Let's say we have a long string with multiple newline characters:
char const* some_text = "part1\n\npart2\npart3";
Now the task is to replace all '\n' characters with spaces if it appears only once between text parts, and at the same time leave all '\n' characters if it appears more than once. In other words:
"123\n456" => "123 456"
"123\n\n456" => "123\n\n456"
"123\n\n456\n789" => "123\n\n456 789"
What is the best way to do this?
The following regular expression detects single occurrences of newlines:
([^\n]|^)\n([^\n]|$)
|-------|
no newline before
(either other character or beginning of string)
|--|
newline
|--------|
no newline after
(either other character or end of string)

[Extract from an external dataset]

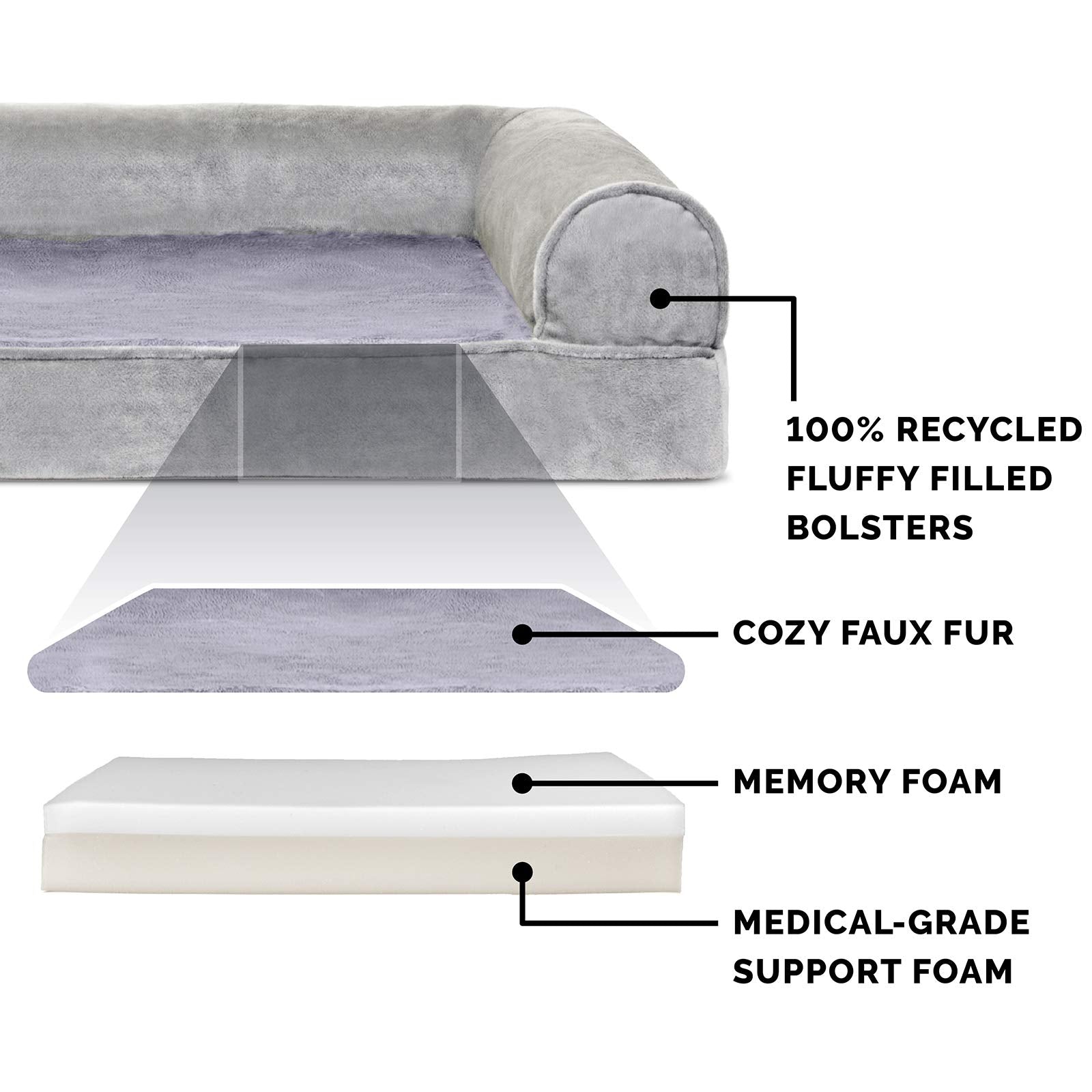 Furhaven Memory Foam Dog Bed for Medium/Small Dogs w/ Removable Bolsters & Washable Cover, For Dogs Up to 35 lbs - Faux Fur & Ve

You can use that regular expression in std::regex_replace in order to replace those single newlines by spaces (and keeping the matched character before and after the newline by adding $1 and $2):
std::string testString("\n123\n\n456\n789");
std::regex e("([^\n]|^)\n([^\n]|$)");
std::cout << std::regex_replace(testString, e, "$1 $2") << std::endl;
This function may works for your case, just manually check and replace single \n with space. There may have better option like regex_replace.
void rep(char ch[])
{
int cnt = 0;
int i;
for(i=0; ch[i]!='\0'; i++)
{
if(ch[i]=='\n')
cnt++;
else if(cnt==1)
{
ch[i-1]=' ';
cnt=0;
}
else
cnt=0;
}
if(cnt==1)
ch[i-1]=' ';
}
Since it was tagged as C++, I'll treat it as such. Obviously this could be solved with a regex but it's equally trivial enough (as described) not to require one.
std::string s = "your\n\nstring\nhere\n";
size_t n = -1, len = s.length();
while ((n = s.find('\n', n+1)) != std::string::npos)
if ((n == 0 && s[n+1] != '\n') || (n == len && s[n-1] != '\n') ||
(n != 0 && n != len && s[n-1] != '\n' && s[n+1] != '\n'))
s[n] = ' ';